Jules Alingete : L’IGF, en tant que service public doté d’une autonomie administrative et financière, chargé de contrôle supérieur au niveau de l’exécutif, a été créé le 15 Septembre 1987. La base de cette création est consécutive aux réformes proposées par le FMI lors de son arrivée au Congo vers les années 1986, après avoir constaté le dysfonctionnement au niveau des finances publiques congolaises, notamment dans la mobilisation des recettes et de contrôle des finances publiques. La proposition du FMI consistait à ce que quatre services ou directions du Ministère des Finances de l’époque relevant du Secrétariat général aux Finances dudit ministère soient érigées en direction générale avec autonomie administrative et financière.

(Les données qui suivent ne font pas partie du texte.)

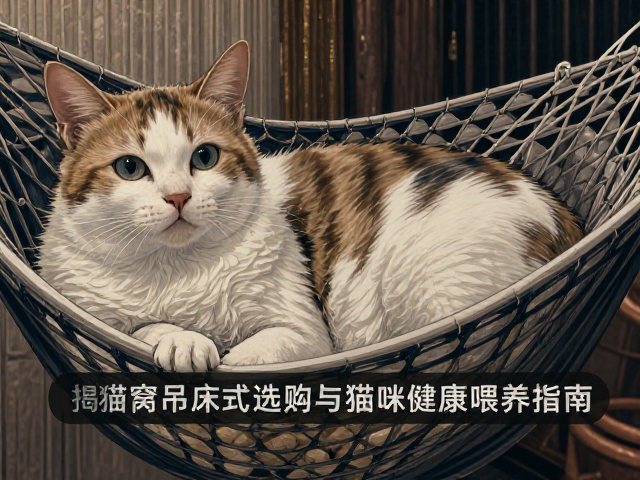 专用猫粮搭配猫吊床?揭秘猫窝吊床式选购与猫咪健康喂养指南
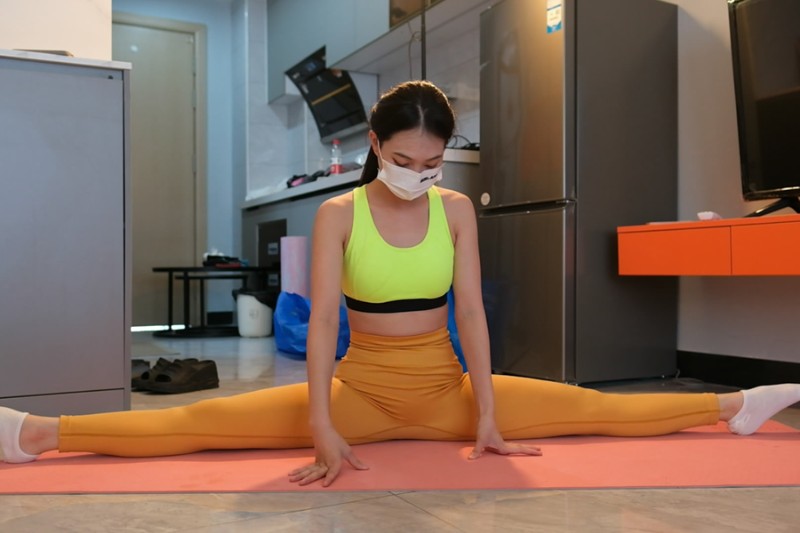 [15M私教] 2025.03.16 第776课 一字马 拉伸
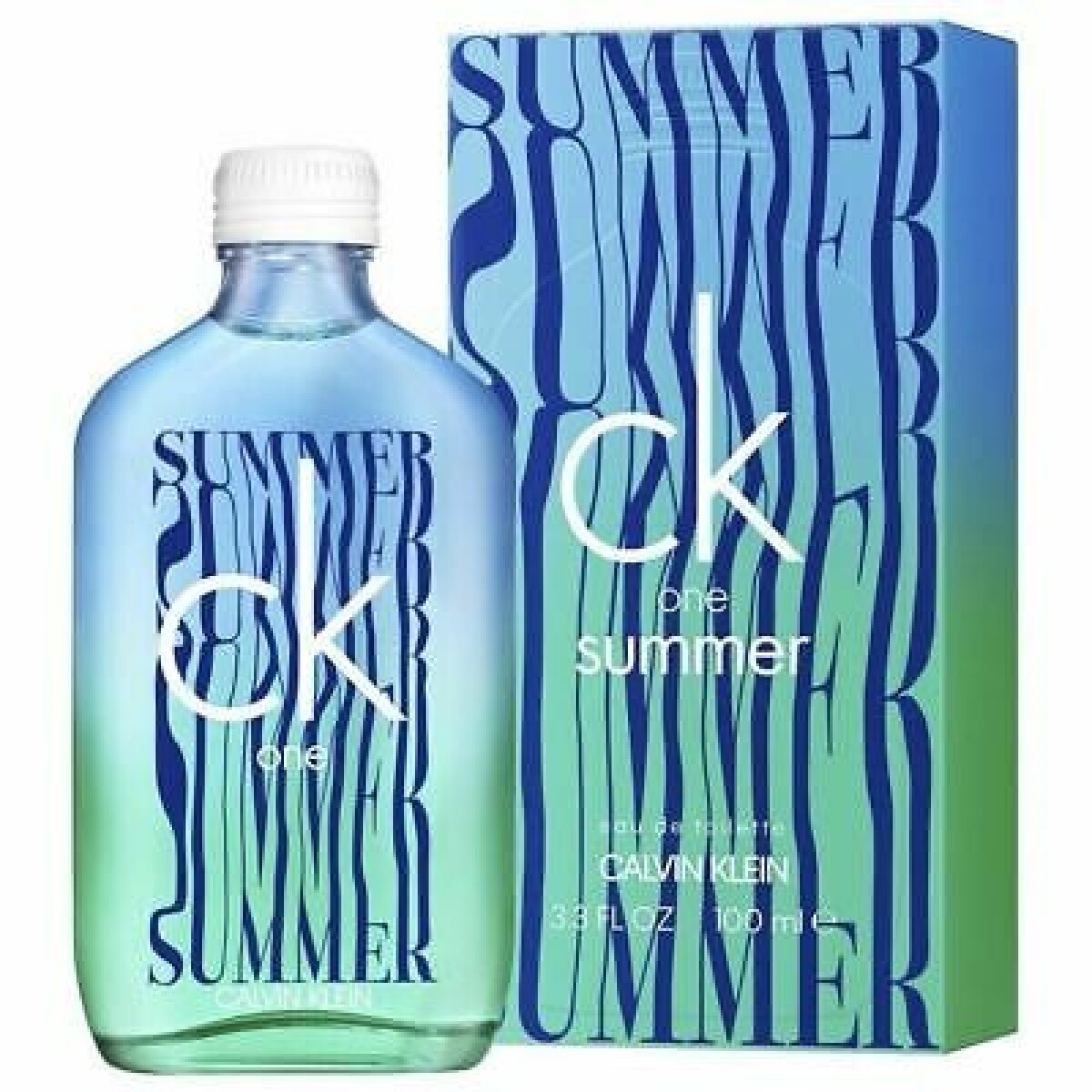 Perfume Ck One Summer Ed. Limitada 100 Ml. 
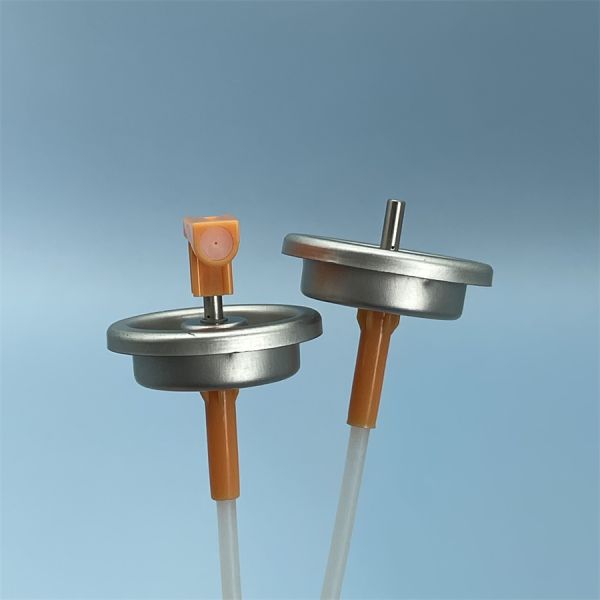 Custom Metered Dose Aerosol Valve for Controlled Dispensing and Precision Aerosol Packaging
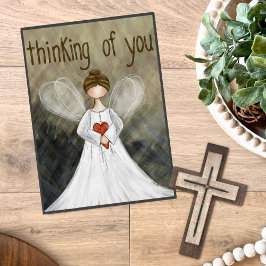 Denken Sie an Angel Beileid Loss Inspirivity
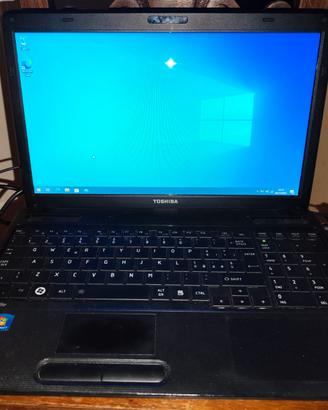 Computer pc laptop portatile toshiba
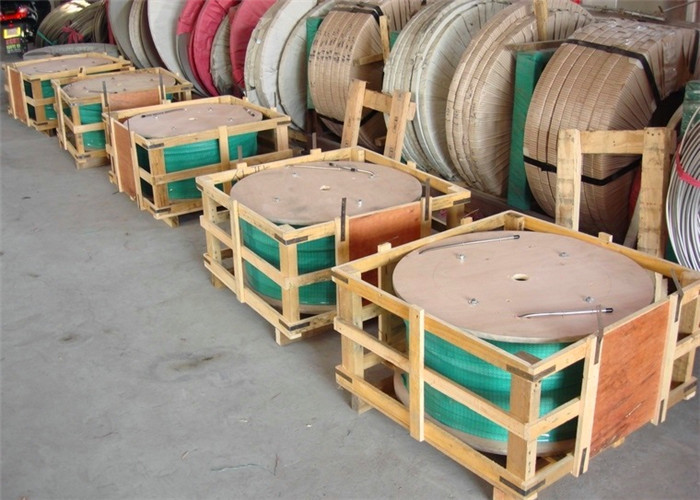 SS316L 0.035" ASTM A269 Bright Annealed Coiled Tubes
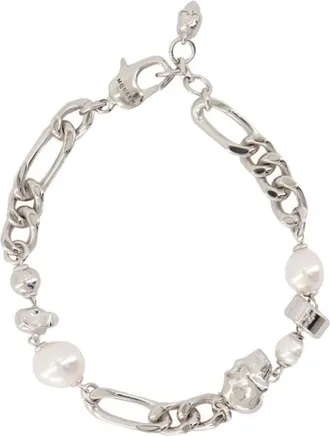 Alexander McQueen Hombre, Accesorios, Gris, Talla: ONE Size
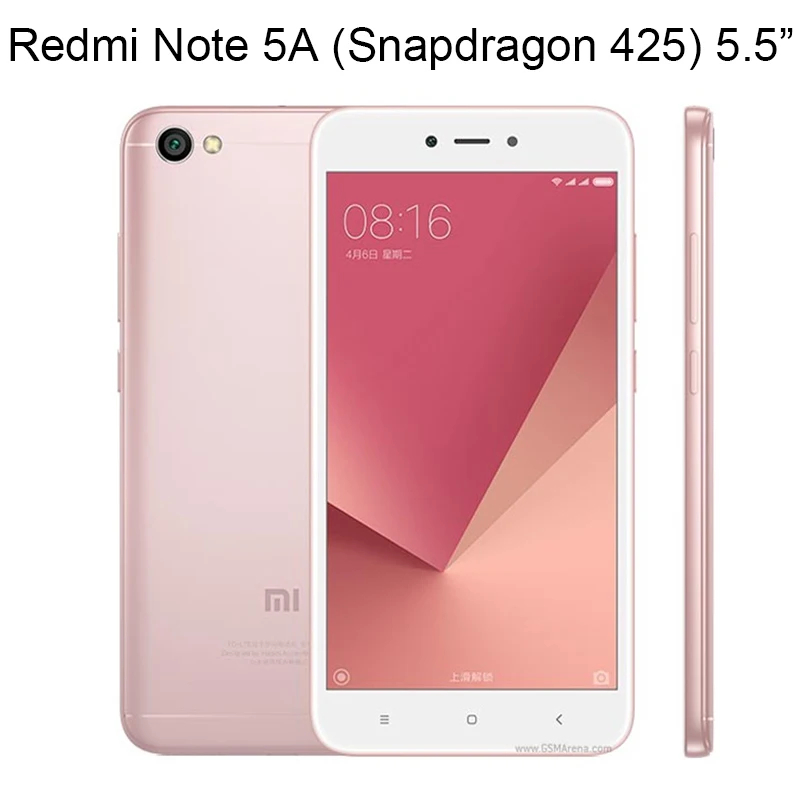Redmi Note 5A Закаленное стекло 9H для Xiaomi mi A2 Lite mi A1 mi A2 Red mi 5 Plus Note 4X 5A Prime Защитная пленка для экрана стекло на Note 5 Pro - Цвет: Redmi Note 5A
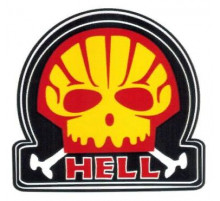 Наклейка Шелл БОЛЬШАЯ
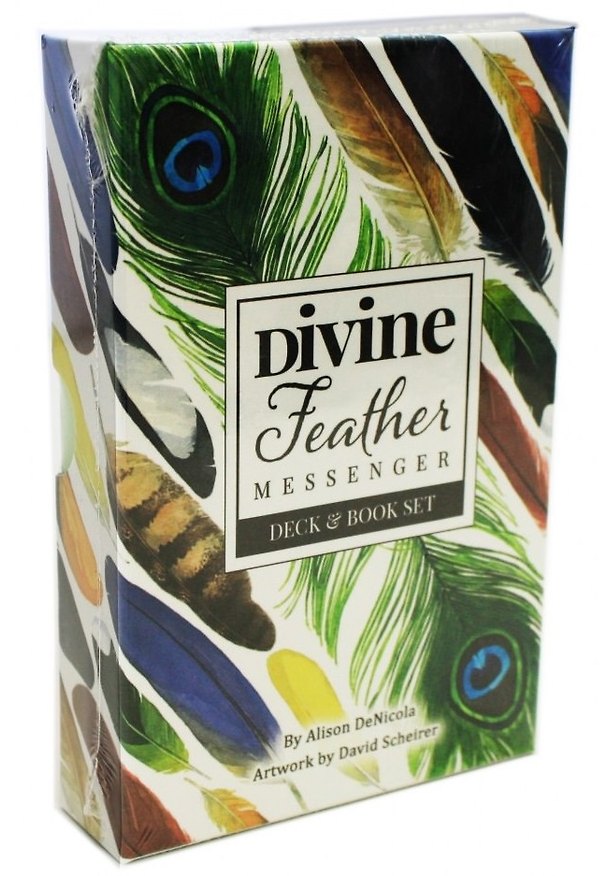 Книга Divine Feather Messenger. Deck & Book Set () — 1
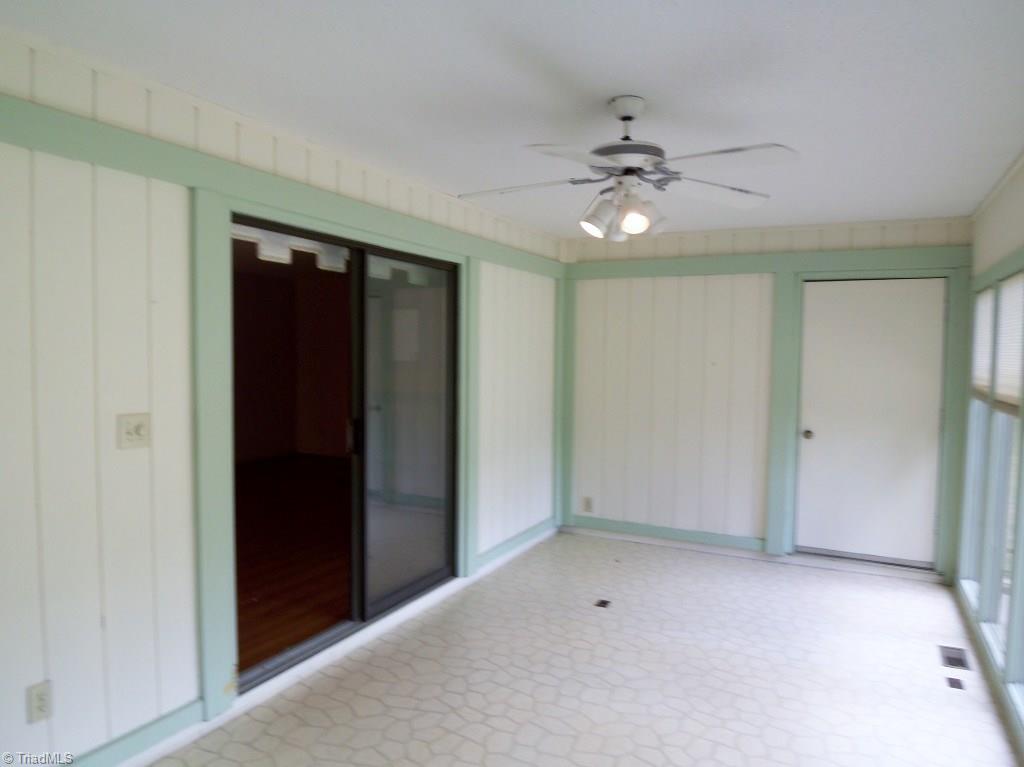 148 Old Mill Road, Unit C High Point, NC 27265 - Photo 11 of 20 Sun Room with entrance into Living Room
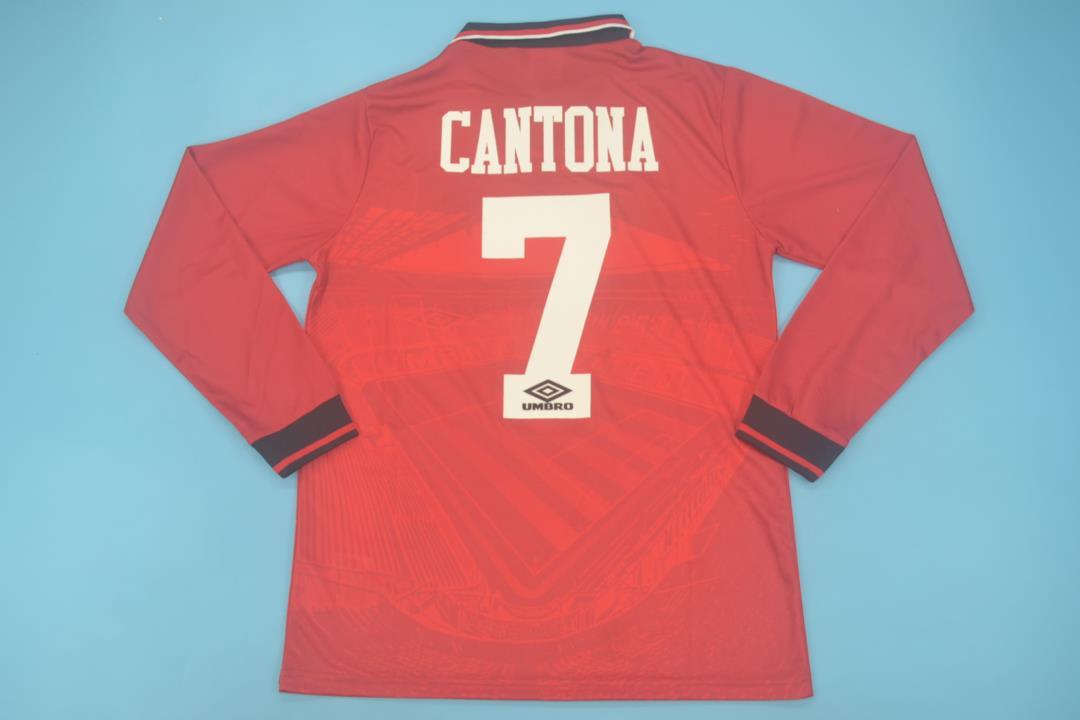 MANU 94-96 Manga larga — Club Retro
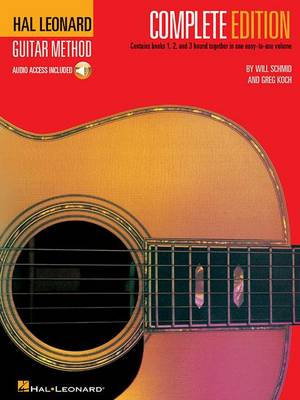 Cover art for Hal Leonard Guitar Method Complete Edition + Audio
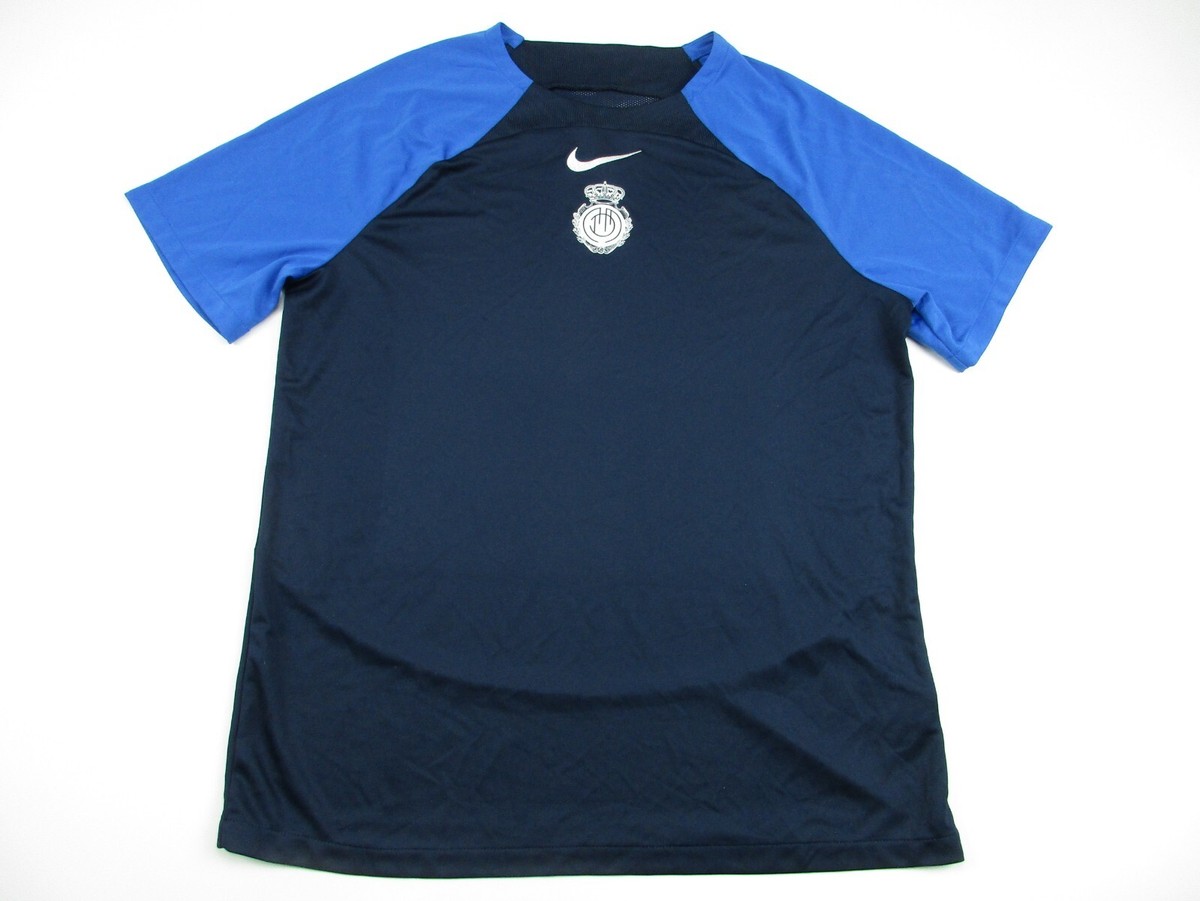 Mens XL Real Madrid Nike Dri Fit Academy Pro Shirt blue soccer
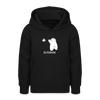 Flitzpiepe - Teenager Hoodie - Schwarz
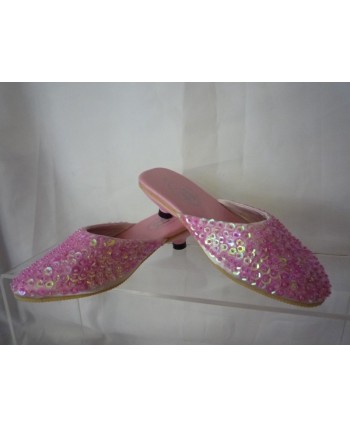 ZAPATO ROSA ABIERTO TALLA 34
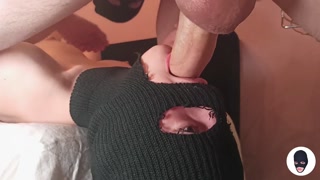 Fuck my mouth like pussy, sloppy deepthroat and CIM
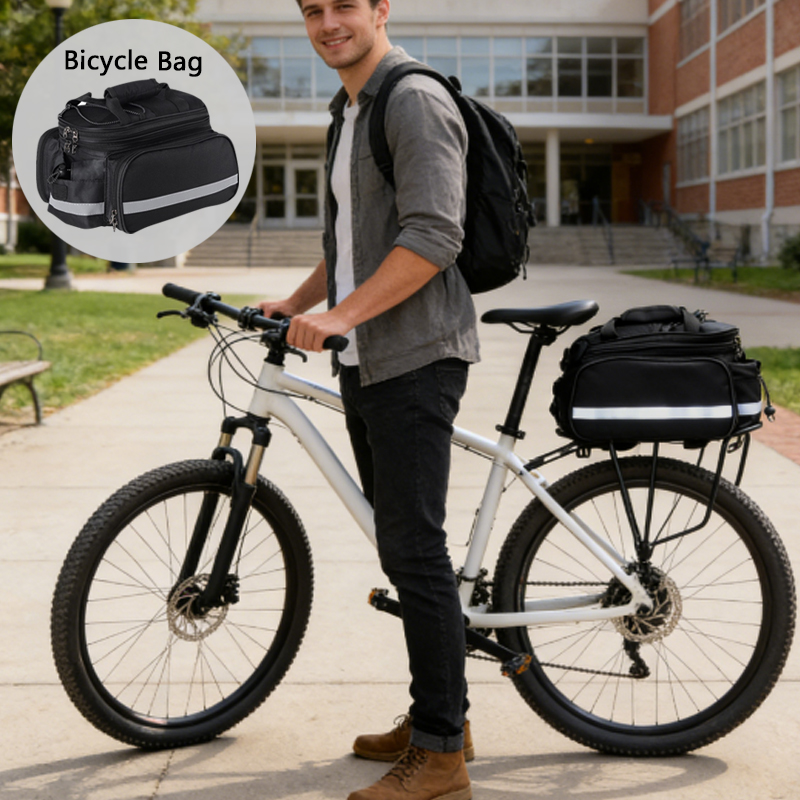 1 sacoche de vélo pour porte-b - Cycling Commute In Rain avis et prix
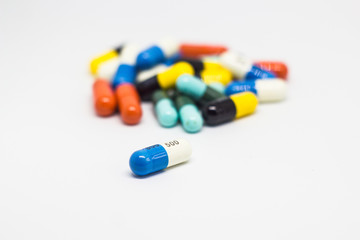 drug capsule.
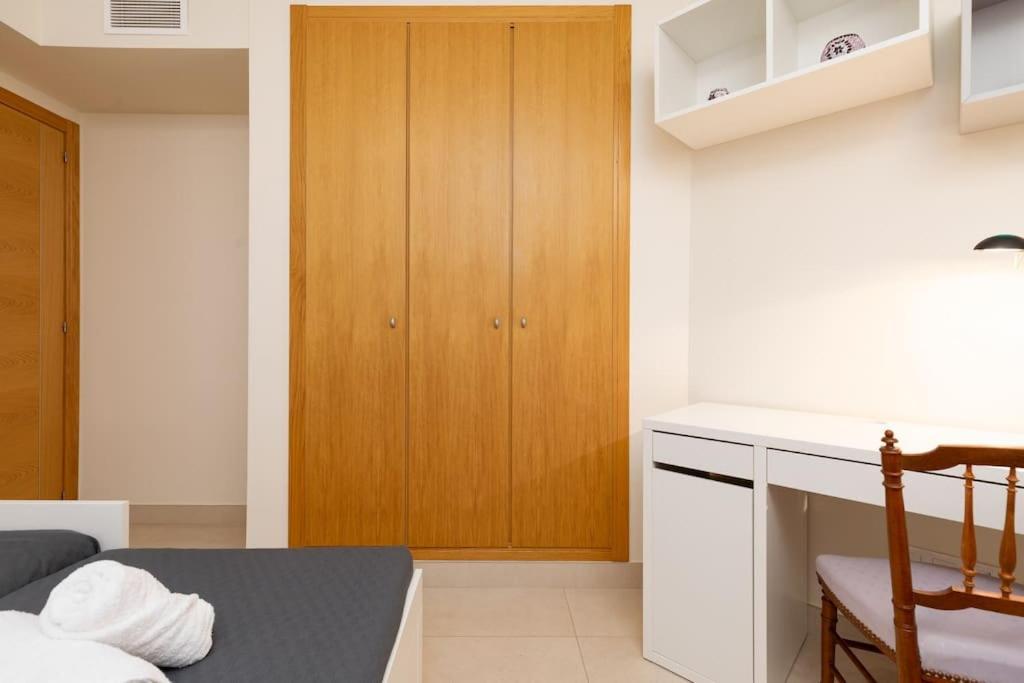 Appartamento Apartup Patacona Palm Beach III Valenza Esterno foto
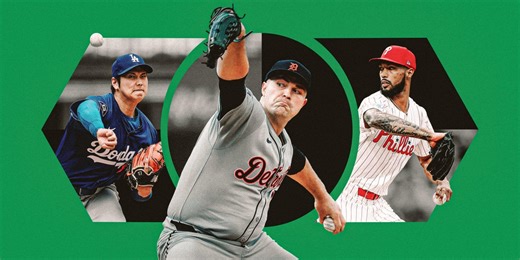 Eno Sarris’ 2026 MLB starting pitcher fantasy rankings with Stuff+ powered projections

Il s’agissait de l’Inspection générale des Finances, de la Direction générale des Impôts, de la Direction générale des Douanes et Accises et de la Direction générale de la Dette publique. C’est donc depuis cette date que l’IGF évolue comme tel.

 Comment l’évolution administrative de l’IGF s’est faite au point d’être rattachée aujourd’hui au Président de la République ? 

De 1987 à 2003, l’IGF est restée rattachée à l’autorité directe du Ministre ayant les Finances et le Budget dans ses attributions. Pendant cette période, il avait été constaté que l’IGF était limitée dans l’exercice de ses missions de contrôle. En 2003, le législateur a estimé qu’il était bon de doter l’IGF d’une plus grande autonomie pour mener à bien ses missions en la rattachant directement au Président de la République. Fort malheureusement, seulement onze mois après, l’IGF a été replacée sous la tutelle du Ministère des Finances comme service au mois de février 2004.

Cette situation s’est maintenue jusqu’au 9 décembre 2019 lorsque le législateur a de nouveau décidé de ramener l’IGF sous l’autorité directe du Chef de l’Etat. Depuis trois ans, c’est ce statut qui prévaut jusqu’à ce jour. 

Au regard de la préséance en termes protocolaires, quelle position hiérarchique occupe l’IGF au sein de l’administration en rapport avec ses attributions ? 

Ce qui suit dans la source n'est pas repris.